H1 260817 France & DOM COMMISSAIRE AUX APPORTS CAC Apport d’entreprise individuelle

Christophe Guyot-Sionnest expert-comptable, commissaire aux comptes depuis 1990 MOB +33667399676 BUR +33188245403 email contact@conseil-cac.com site web www.conseil-cac.com

Introduction

Un entrepreneur individuel peut décider d’exercer désormais son activité au sein d’une société. Cette mise en société facilite notamment l’entrée d’associés, la transmission de l’entreprise, la séparation de la gouvernance et du patrimoine personnel ou le développement de nouveaux financements.

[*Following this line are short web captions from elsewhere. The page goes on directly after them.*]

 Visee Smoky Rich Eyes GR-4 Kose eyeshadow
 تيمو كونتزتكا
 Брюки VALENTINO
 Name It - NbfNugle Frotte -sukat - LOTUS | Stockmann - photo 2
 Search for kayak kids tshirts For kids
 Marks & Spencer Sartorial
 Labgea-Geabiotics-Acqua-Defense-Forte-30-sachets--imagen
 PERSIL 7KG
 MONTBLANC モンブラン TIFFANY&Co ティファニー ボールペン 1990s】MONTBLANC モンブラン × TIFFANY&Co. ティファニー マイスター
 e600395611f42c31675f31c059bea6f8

L’opération ne consiste toutefois pas à transférer gratuitement l’activité à une société. Le patrimoine professionnel est généralement apporté en contrepartie d’actions ou de parts sociales. Il s’agit donc d’un apport en nature qui doit être décrit, évalué et, dans de nombreux cas, contrôlé par un commissaire aux apports.

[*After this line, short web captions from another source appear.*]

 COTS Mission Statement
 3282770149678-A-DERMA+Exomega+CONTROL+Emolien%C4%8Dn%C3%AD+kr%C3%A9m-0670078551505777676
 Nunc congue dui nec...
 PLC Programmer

Quels éléments de l’entreprise individuelle peuvent être apportés ?

L’apport peut porter sur des éléments isolés ou sur l’ensemble du patrimoine professionnel de l’entrepreneur.

Il peut notamment comprendre :

le fonds de commerce ou la clientèle ;
le droit au bail ;
le matériel et le mobilier ;
les véhicules professionnels ;
les stocks et travaux en cours ;
les marques et noms commerciaux ;
le site internet et les noms de domaine ;
les logiciels et droits de propriété intellectuelle ;
les créances clients ;
la trésorerie professionnelle ;
certains contrats ;
les dettes fournisseurs, fiscales, sociales ou bancaires.

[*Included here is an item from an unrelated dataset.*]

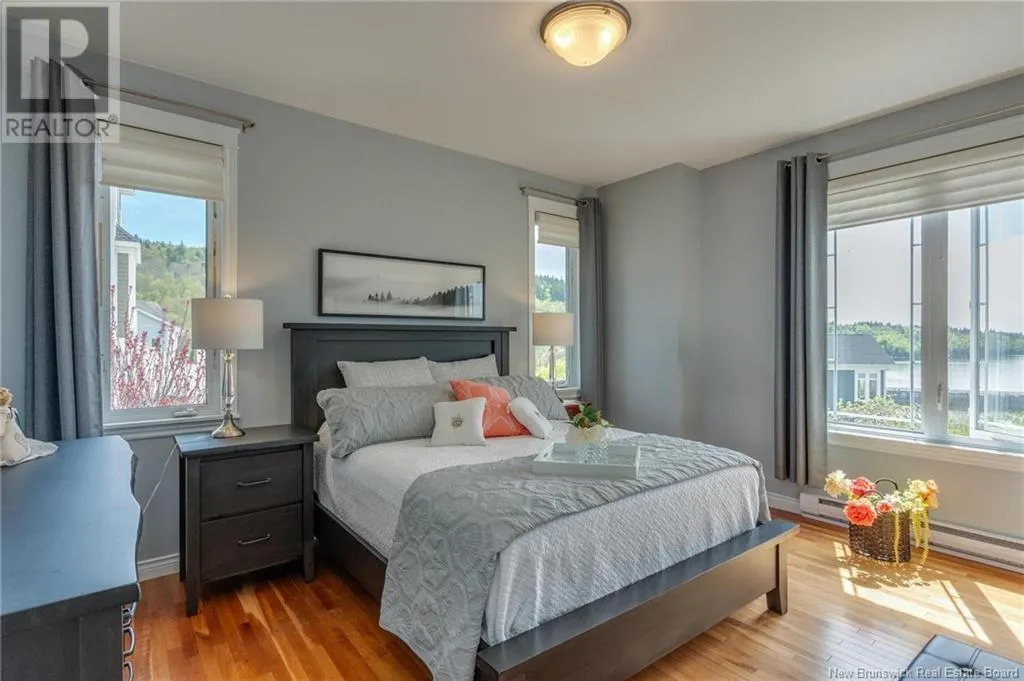 50 Brigadoon Terrace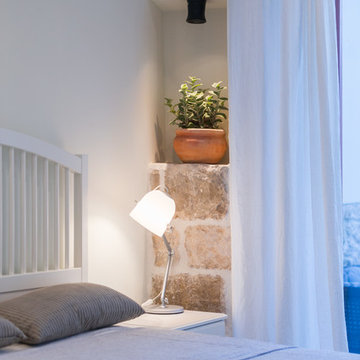 Villa Z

Il faut distinguer les biens appartenant réellement à l’entrepreneur de ceux qu’il utilise dans le cadre d’un crédit-bail, d’une location ou d’un contrat de mise à disposition. Un bien dont l’entrepreneur n’est pas propriétaire ne peut pas être apporté comme un actif lui appartenant.

Apport isolé ou transfert universel du patrimoine professionnel ?

Depuis la réforme du statut de l’entrepreneur individuel, deux approches doivent être distinguées.

L’entrepreneur peut apporter séparément son fonds de commerce, sa clientèle ou certains actifs. Chaque transfert reste alors soumis aux règles propres au bien concerné.

Il peut également apporter l’intégralité de son patrimoine professionnel à une société sans procéder à sa liquidation. Cette possibilité résulte de l’article L.526-27 du Code de commerce.

Le transfert universel doit porter sur l’ensemble du patrimoine professionnel, qui ne peut pas être artificiellement scindé. Lorsqu’il est réalisé au profit d’une société nouvellement créée, l’actif disponible doit permettre de faire face au passif professionnel exigible, conformément à l’article L.526-30.

Les créanciers antérieurs disposent d’un droit d’opposition. Cette opposition ne bloque pas automatiquement le transfert, mais elle doit être anticipée dans le calendrier.

Quand le commissaire aux apports est-il obligatoire ?

L’article L.526-31 du Code de commerce prévoit le recours à un commissaire aux apports lorsque le patrimoine professionnel apporté contient des biens constituant des apports en nature, sous réserve des dispenses prévues pour certaines sociétés.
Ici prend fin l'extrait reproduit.